--- WHAT YOU WILL DO ---
Make an exact copy of the listing, without images.

######

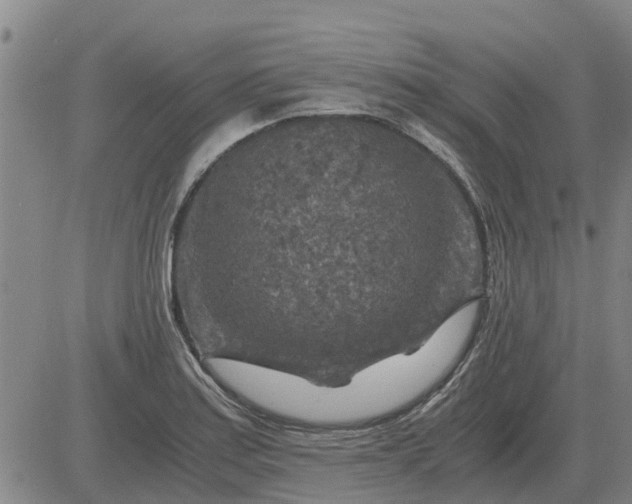 X0000084031179200703022115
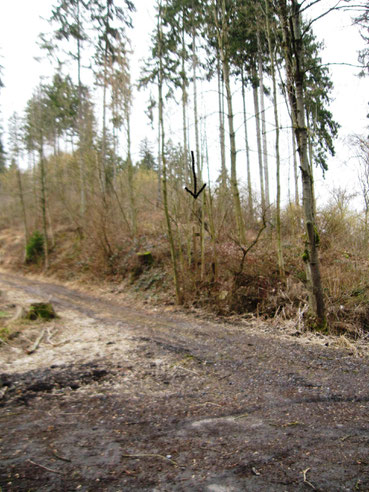 Halterung alte Vogelstange Kündel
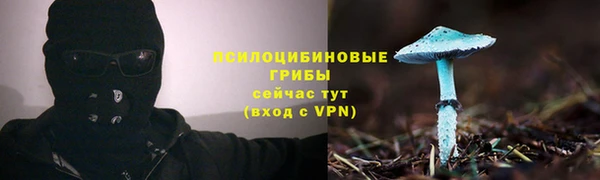 кокс Михайлов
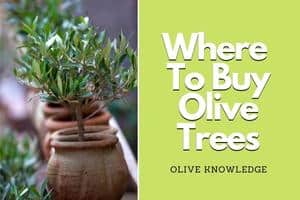 Read more about the article Best Places To Buy Olive Trees Online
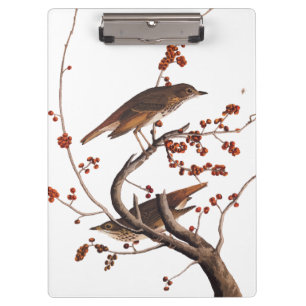 Hermit Thrush Audubon Bird mit Red Berries Klemmbrett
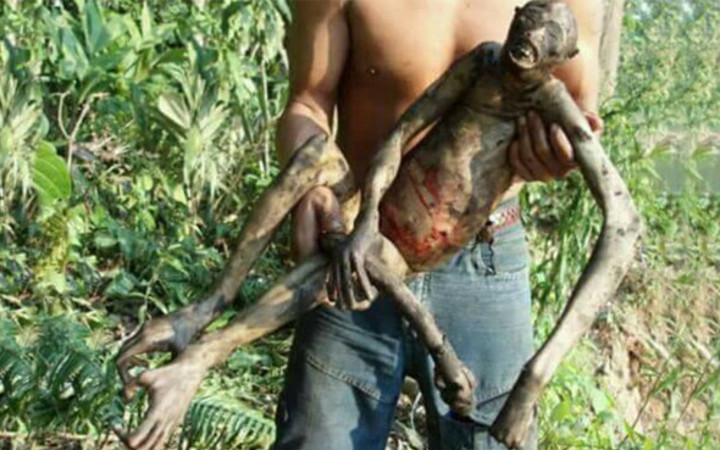 Üçüncü bir tür daha geliyor görenler tüm ayrıntılarıyla anlattı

######

--- RESULT OF THE TASK ---
 X0000084031179200703022115
 Halterung alte Vogelstange Kündel
 кокс Михайлов
 Read more about the article Best Places To Buy Olive Trees Online
 Hermit Thrush Audubon Bird mit Red Berries Klemmbrett
 Üçüncü bir tür daha geliyor görenler tüm ayrıntılarıyla anlattı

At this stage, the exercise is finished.